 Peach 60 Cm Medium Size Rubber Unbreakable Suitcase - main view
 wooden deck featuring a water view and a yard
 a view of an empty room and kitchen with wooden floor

---

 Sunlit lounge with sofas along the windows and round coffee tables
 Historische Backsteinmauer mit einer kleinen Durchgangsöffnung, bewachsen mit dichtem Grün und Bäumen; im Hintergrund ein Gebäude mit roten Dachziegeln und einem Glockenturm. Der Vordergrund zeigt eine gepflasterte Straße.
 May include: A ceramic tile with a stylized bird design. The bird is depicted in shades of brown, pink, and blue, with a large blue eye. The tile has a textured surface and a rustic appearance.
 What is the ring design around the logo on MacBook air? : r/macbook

* * *

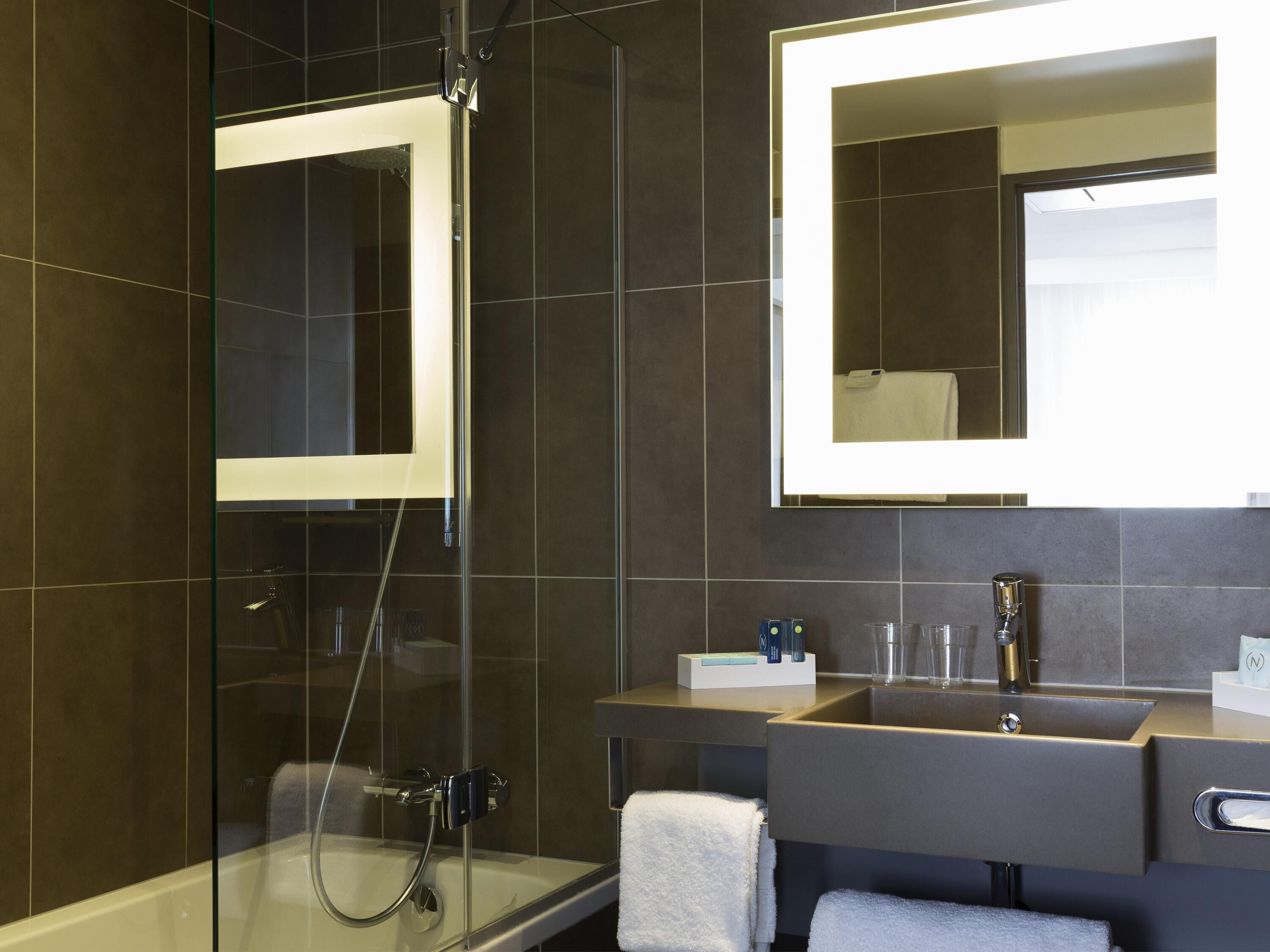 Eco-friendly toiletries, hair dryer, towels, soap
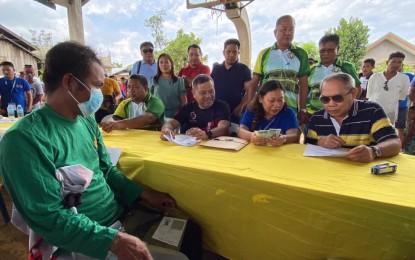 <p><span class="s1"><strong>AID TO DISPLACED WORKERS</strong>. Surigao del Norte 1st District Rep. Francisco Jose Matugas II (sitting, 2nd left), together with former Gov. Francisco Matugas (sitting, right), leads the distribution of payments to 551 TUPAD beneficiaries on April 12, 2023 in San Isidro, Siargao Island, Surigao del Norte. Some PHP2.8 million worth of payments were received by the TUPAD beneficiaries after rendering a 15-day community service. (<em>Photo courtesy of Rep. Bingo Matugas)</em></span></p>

— WORK TO COMPLETE —
Give the exact lines, and only those, from the line containing "Historische Backsteinmauer mit" through the line containing "What is the" in the entries above.

— RESULT OF THE TASK —
 Historische Backsteinmauer mit einer kleinen Durchgangsöffnung, bewachsen mit dichtem Grün und Bäumen; im Hintergrund ein Gebäude mit roten Dachziegeln und einem Glockenturm. Der Vordergrund zeigt eine gepflasterte Straße.
 May include: A ceramic tile with a stylized bird design. The bird is depicted in shades of brown, pink, and blue, with a large blue eye. The tile has a textured surface and a rustic appearance.
 What is the ring design around the logo on MacBook air? : r/macbook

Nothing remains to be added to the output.